Data excerpts:
● ● ● ● ●
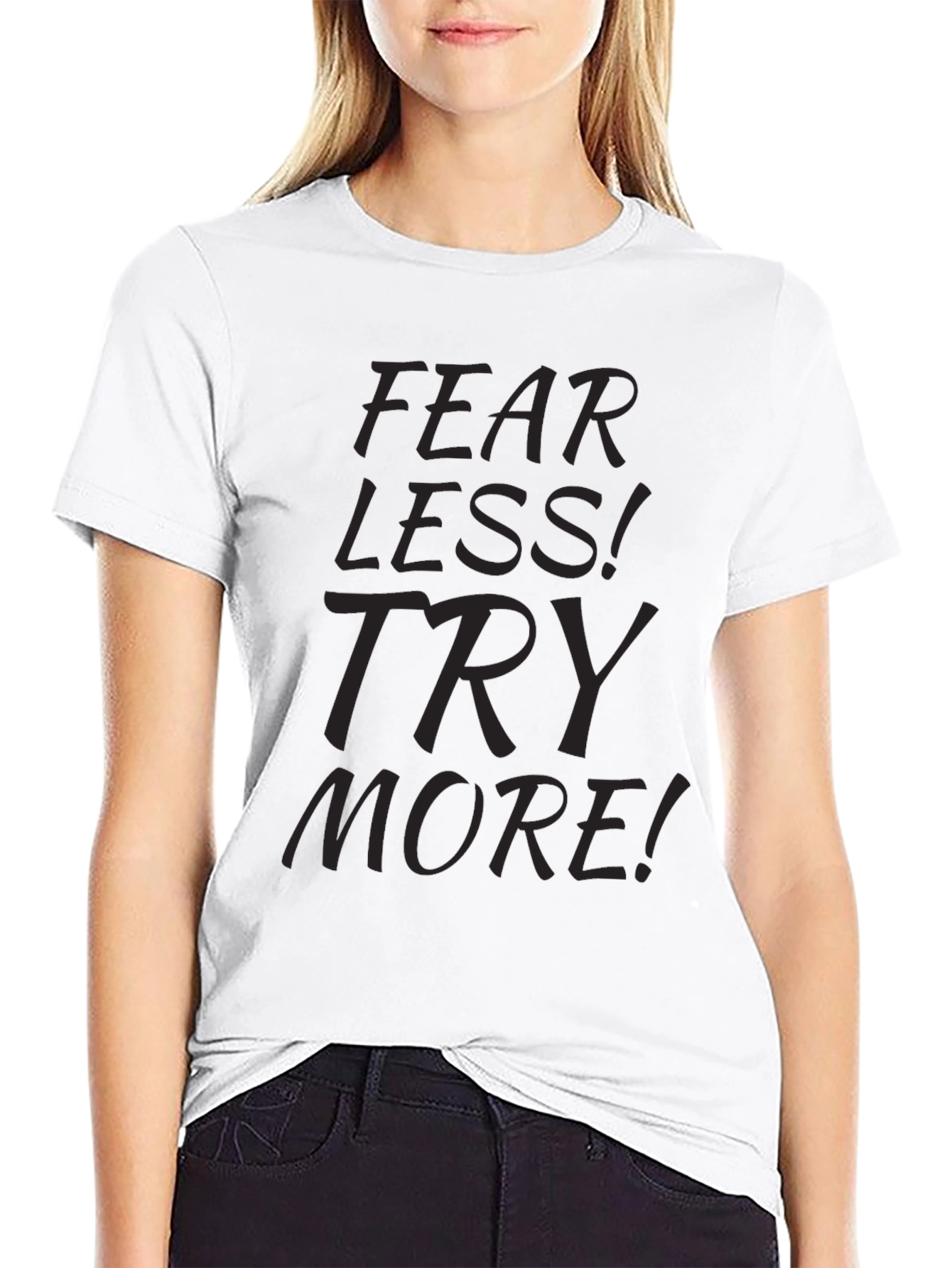 Fear Less Try More Black Graphic T-Shirt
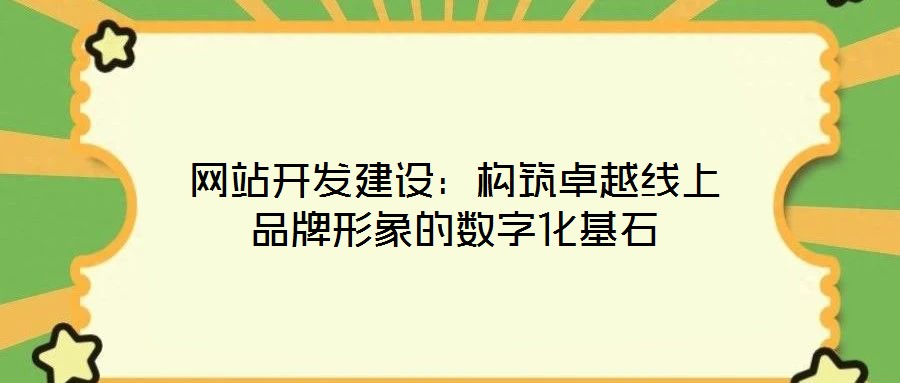 網(wǎng)站開發(fā)建設:構筑卓越線上品牌形象的數(shù)字化基石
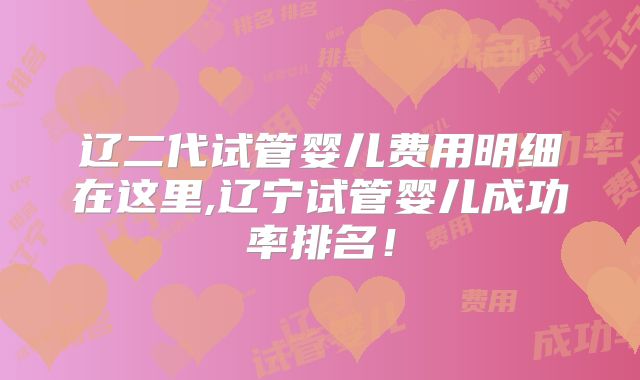 辽二代试管婴儿费用明细在这里,辽宁试管婴儿成功率排名！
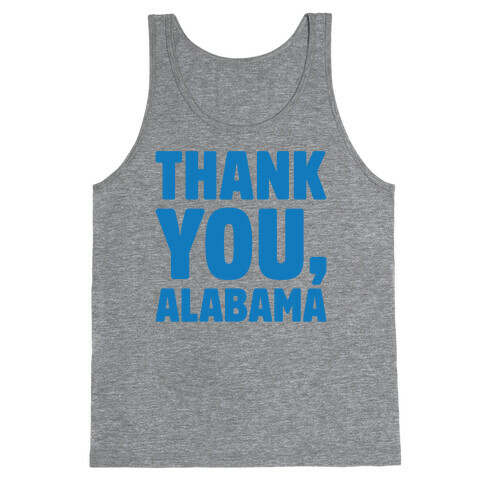 Thank You Alabama  Tank Top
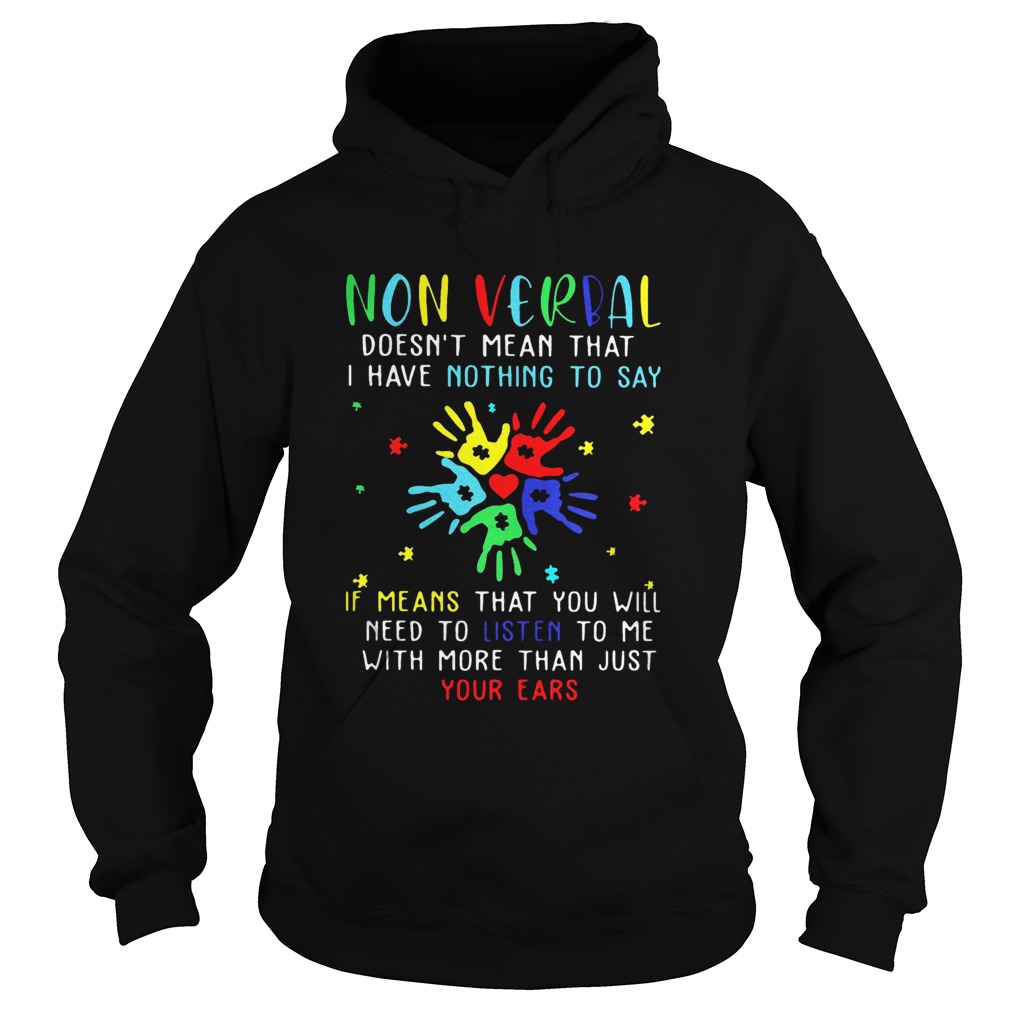 Non Verbal Doesnt Mean That I Have Nothing To Say If Means That You Will Need To Listen To Me With Hoodie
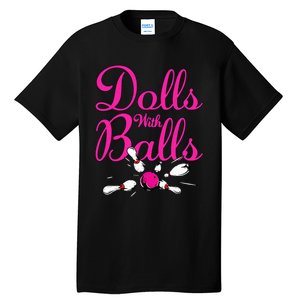 Dolls With Balls Funny Women Bowling Team Name Tall T-Shirt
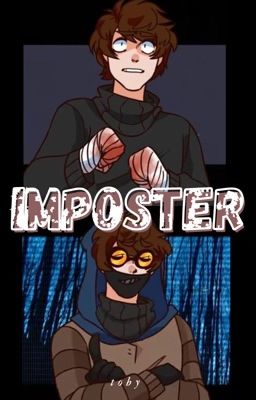 Imposter (Ticci-Toby X Reader)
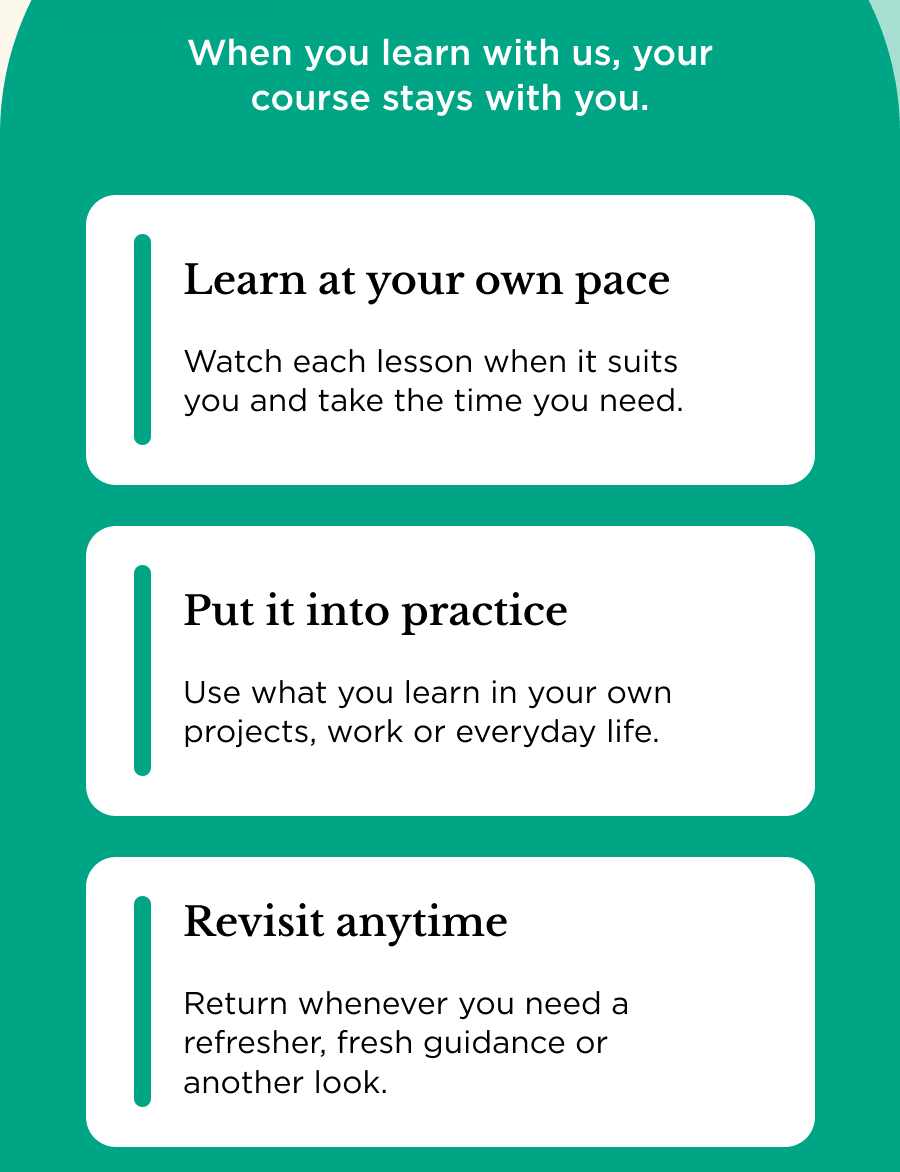 When you learn with us, your course stays with you.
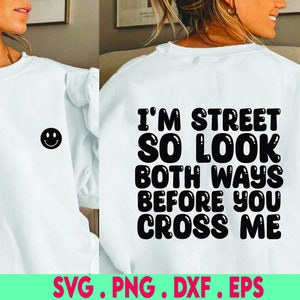 I'm street so look behind you cross me svg|cash svg|gangster svg|thug svg|gangta svg|savage svg|hip hop svg|rap svg|swag svg|dope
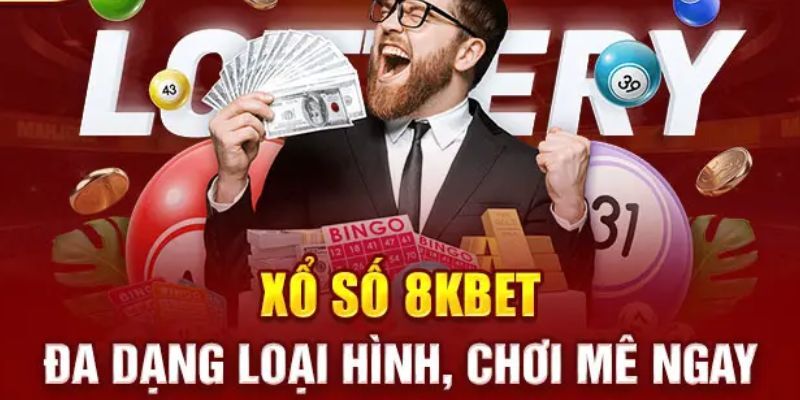 Những ưu điểm giúp xổ số 8KBET ngày càng trở nên nổi trổi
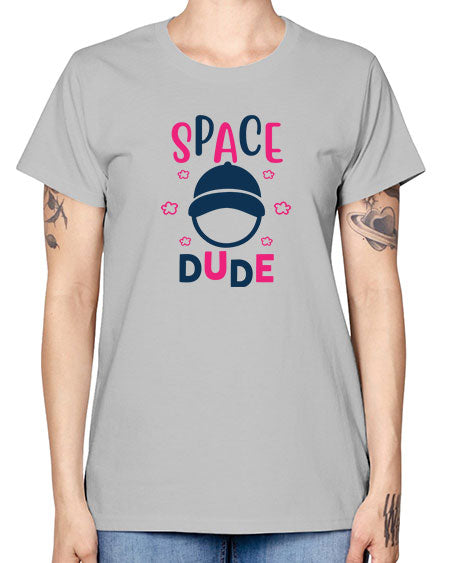 space dude 15# - space -  Missy T-Shirt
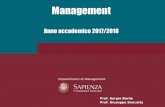 Presentazione corso Management 2017-2018 · Il ruolo della distribuzione commerciale nel raccordo con i mercati 15 ... § della struttura Management by ... §Prof. Sergio Barile §Prof.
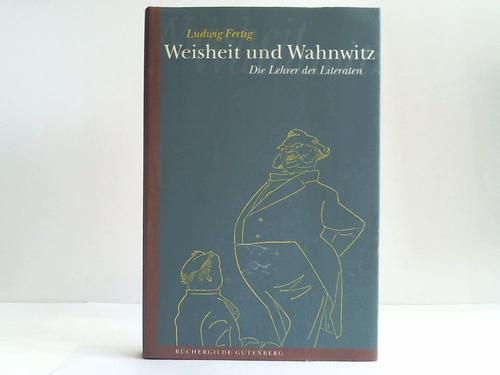 Fertig, Ludwig - Weisheit und Wahnwitz. Die Lehrer der Literaten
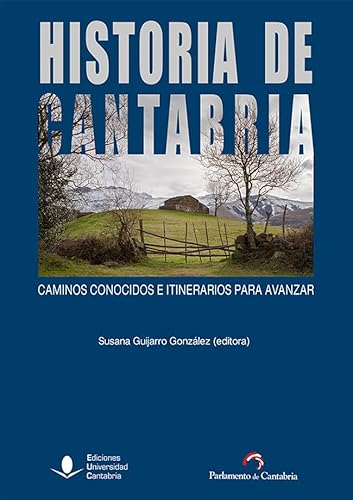 Historia de Cantabria: caminos conocidos e itinerarios para avanzar (Difunde)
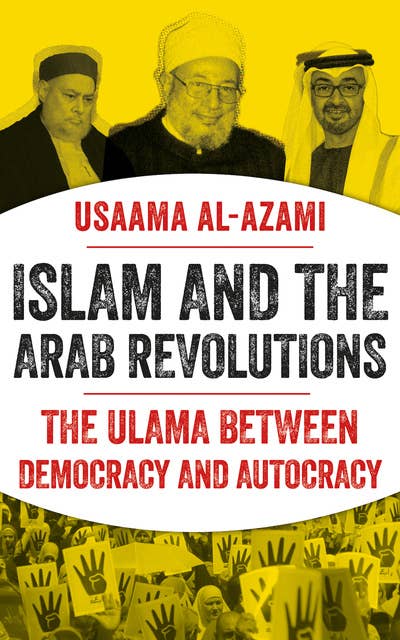 Islam and the Arab Revolutions: The Ulama Between Democracy and Autocracy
● ● ● ● ●
What needs to be done:
Without the pictures, copy all of the entries exactly as they appear.

Exercise output:
 Fear Less Try More Black Graphic T-Shirt
 網(wǎng)站開發(fā)建設:構筑卓越線上品牌形象的數(shù)字化基石
 辽二代试管婴儿费用明细在这里,辽宁试管婴儿成功率排名！
 Thank You Alabama  Tank Top
 Non Verbal Doesnt Mean That I Have Nothing To Say If Means That You Will Need To Listen To Me With Hoodie
 Dolls With Balls Funny Women Bowling Team Name Tall T-Shirt
 Imposter (Ticci-Toby X Reader)
 When you learn with us, your course stays with you.
 I'm street so look behind you cross me svg|cash svg|gangster svg|thug svg|gangta svg|savage svg|hip hop svg|rap svg|swag svg|dope
 Những ưu điểm giúp xổ số 8KBET ngày càng trở nên nổi trổi
 space dude 15# - space -  Missy T-Shirt
 Presentazione corso Management 2017-2018 · Il ruolo della distribuzione commerciale nel raccordo con i mercati 15 ... § della struttura Management by ... §Prof. Sergio Barile §Prof.
 Fertig, Ludwig - Weisheit und Wahnwitz. Die Lehrer der Literaten
 Historia de Cantabria: caminos conocidos e itinerarios para avanzar (Difunde)
 Islam and the Arab Revolutions: The Ulama Between Democracy and Autocracy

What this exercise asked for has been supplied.